╭─ GIVEN INFORMATION

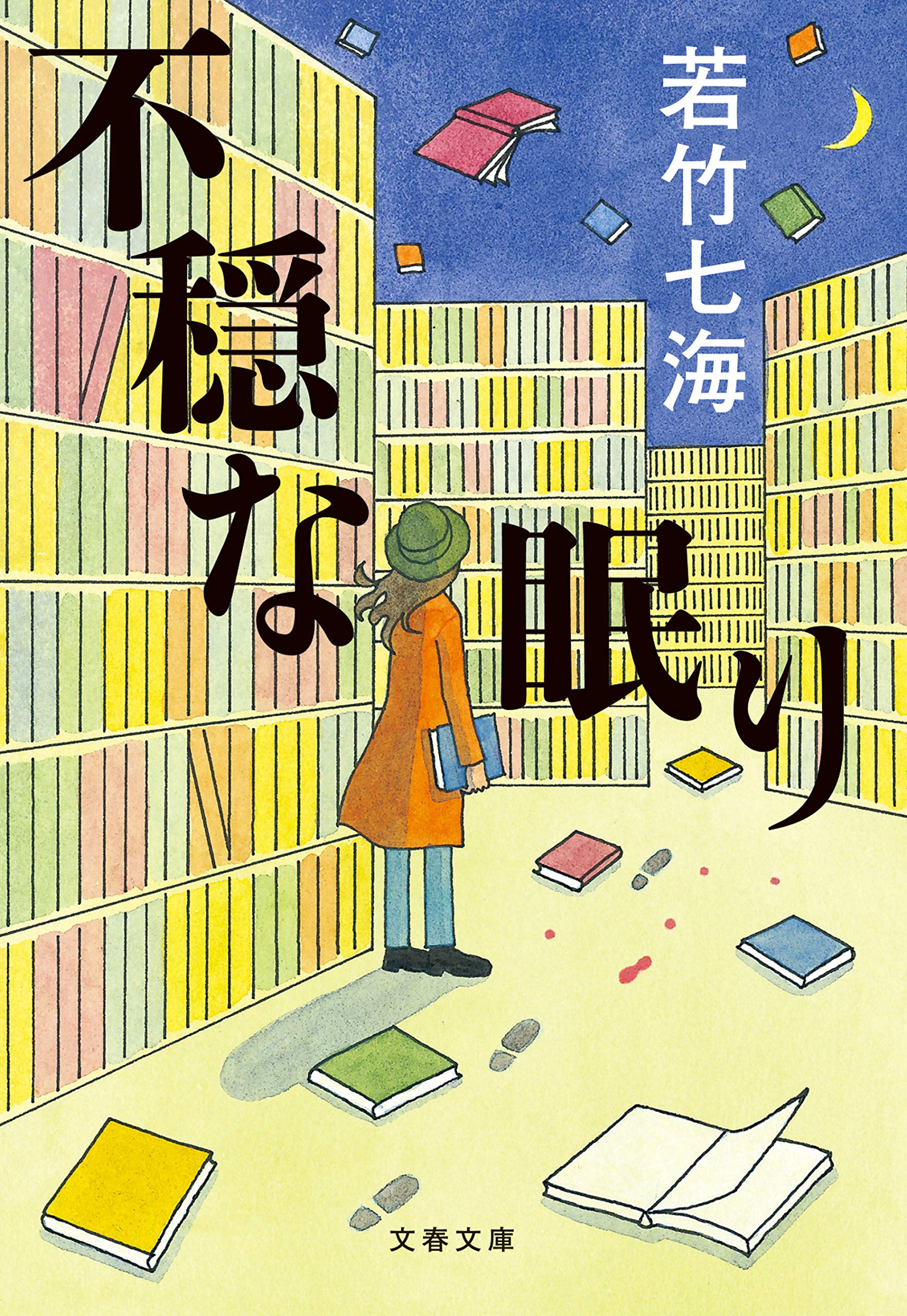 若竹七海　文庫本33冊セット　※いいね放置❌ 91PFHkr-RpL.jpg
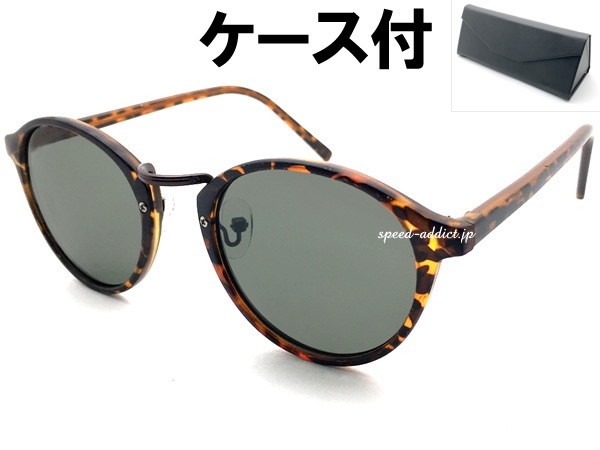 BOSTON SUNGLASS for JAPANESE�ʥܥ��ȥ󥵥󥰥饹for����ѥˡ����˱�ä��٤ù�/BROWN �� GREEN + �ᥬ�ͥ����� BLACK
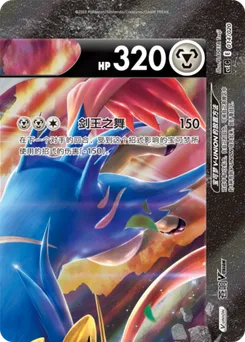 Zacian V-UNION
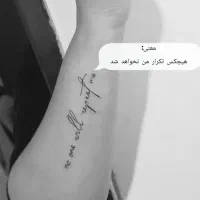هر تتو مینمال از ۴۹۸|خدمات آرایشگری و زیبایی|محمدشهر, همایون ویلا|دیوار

╰─

**PROBLEM TO SOLVE:** Leaving out all pictures, repeat word for word the lines from the one containing "Zacian V-UNION" through the final line of the material above.

**TASK RESULT:**
 Zacian V-UNION
هر تتو مینمال از ۴۹۸|خدمات آرایشگری و زیبایی|محمدشهر, همایون ویلا|دیوار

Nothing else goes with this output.